To do — Below are entries. Copy exactly the lines running from the line that holds "Minor Consent Form" to the line that holds "お洒落クリスマスパームツリートロピカルビーチ鮮やかな テーブルクロス (正面)", with both ends included.
BEGIN The records
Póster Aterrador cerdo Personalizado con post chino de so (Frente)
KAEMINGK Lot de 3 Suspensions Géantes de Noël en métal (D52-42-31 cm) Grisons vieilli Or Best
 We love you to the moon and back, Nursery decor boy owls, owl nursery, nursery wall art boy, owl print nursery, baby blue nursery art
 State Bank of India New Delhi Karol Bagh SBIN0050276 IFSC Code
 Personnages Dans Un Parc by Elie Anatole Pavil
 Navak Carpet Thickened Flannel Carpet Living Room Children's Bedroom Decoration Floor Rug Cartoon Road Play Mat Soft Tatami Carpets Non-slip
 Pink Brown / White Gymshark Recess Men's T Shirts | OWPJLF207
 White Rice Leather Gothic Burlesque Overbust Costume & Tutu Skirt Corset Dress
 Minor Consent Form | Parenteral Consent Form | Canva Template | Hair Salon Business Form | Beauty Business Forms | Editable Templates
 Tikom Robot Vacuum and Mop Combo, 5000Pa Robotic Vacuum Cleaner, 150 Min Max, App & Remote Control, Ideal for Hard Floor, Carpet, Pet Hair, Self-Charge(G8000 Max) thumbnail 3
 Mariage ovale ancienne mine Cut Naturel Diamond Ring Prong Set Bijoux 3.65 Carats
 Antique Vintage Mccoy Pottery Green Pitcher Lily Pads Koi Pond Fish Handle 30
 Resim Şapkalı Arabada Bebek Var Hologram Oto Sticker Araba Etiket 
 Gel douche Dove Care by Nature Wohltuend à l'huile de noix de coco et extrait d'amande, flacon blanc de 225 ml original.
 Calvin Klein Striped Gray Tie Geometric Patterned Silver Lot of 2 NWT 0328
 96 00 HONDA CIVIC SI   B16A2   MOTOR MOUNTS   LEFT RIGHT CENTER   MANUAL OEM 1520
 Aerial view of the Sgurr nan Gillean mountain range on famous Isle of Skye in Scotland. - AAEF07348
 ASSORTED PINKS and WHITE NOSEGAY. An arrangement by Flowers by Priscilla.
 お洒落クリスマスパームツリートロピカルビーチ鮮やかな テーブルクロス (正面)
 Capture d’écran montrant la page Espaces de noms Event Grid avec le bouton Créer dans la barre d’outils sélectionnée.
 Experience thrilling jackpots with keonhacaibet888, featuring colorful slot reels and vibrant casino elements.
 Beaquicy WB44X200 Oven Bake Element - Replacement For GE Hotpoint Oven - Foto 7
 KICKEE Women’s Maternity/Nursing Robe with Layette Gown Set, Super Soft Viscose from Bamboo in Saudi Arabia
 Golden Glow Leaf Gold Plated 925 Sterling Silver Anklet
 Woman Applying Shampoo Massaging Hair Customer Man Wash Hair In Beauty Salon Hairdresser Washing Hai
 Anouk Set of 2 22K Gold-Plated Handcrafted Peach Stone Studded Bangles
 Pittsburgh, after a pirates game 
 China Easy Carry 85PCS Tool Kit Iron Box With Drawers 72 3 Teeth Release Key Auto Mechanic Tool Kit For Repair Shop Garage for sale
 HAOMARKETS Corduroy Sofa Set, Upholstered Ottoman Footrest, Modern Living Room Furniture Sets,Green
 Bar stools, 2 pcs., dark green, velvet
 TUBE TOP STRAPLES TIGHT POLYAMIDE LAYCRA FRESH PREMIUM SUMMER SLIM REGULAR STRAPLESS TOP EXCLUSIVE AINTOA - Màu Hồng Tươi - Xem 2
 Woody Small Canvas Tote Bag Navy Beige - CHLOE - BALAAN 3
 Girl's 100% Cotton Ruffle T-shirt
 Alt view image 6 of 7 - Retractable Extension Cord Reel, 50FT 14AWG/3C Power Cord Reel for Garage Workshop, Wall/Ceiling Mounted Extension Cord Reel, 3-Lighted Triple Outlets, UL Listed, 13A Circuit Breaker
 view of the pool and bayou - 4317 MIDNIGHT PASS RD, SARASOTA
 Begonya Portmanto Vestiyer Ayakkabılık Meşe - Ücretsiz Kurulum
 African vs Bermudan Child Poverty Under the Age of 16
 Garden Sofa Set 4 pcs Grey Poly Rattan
END The records
Response box —
 Minor Consent Form | Parenteral Consent Form | Canva Template | Hair Salon Business Form | Beauty Business Forms | Editable Templates
 Tikom Robot Vacuum and Mop Combo, 5000Pa Robotic Vacuum Cleaner, 150 Min Max, App & Remote Control, Ideal for Hard Floor, Carpet, Pet Hair, Self-Charge(G8000 Max) thumbnail 3
 Mariage ovale ancienne mine Cut Naturel Diamond Ring Prong Set Bijoux 3.65 Carats
 Antique Vintage Mccoy Pottery Green Pitcher Lily Pads Koi Pond Fish Handle 30
 Resim Şapkalı Arabada Bebek Var Hologram Oto Sticker Araba Etiket 
 Gel douche Dove Care by Nature Wohltuend à l'huile de noix de coco et extrait d'amande, flacon blanc de 225 ml original.
 Calvin Klein Striped Gray Tie Geometric Patterned Silver Lot of 2 NWT 0328
 96 00 HONDA CIVIC SI   B16A2   MOTOR MOUNTS   LEFT RIGHT CENTER   MANUAL OEM 1520
 Aerial view of the Sgurr nan Gillean mountain range on famous Isle of Skye in Scotland. - AAEF07348
 ASSORTED PINKS and WHITE NOSEGAY. An arrangement by Flowers by Priscilla.
 お洒落クリスマスパームツリートロピカルビーチ鮮やかな テーブルクロス (正面)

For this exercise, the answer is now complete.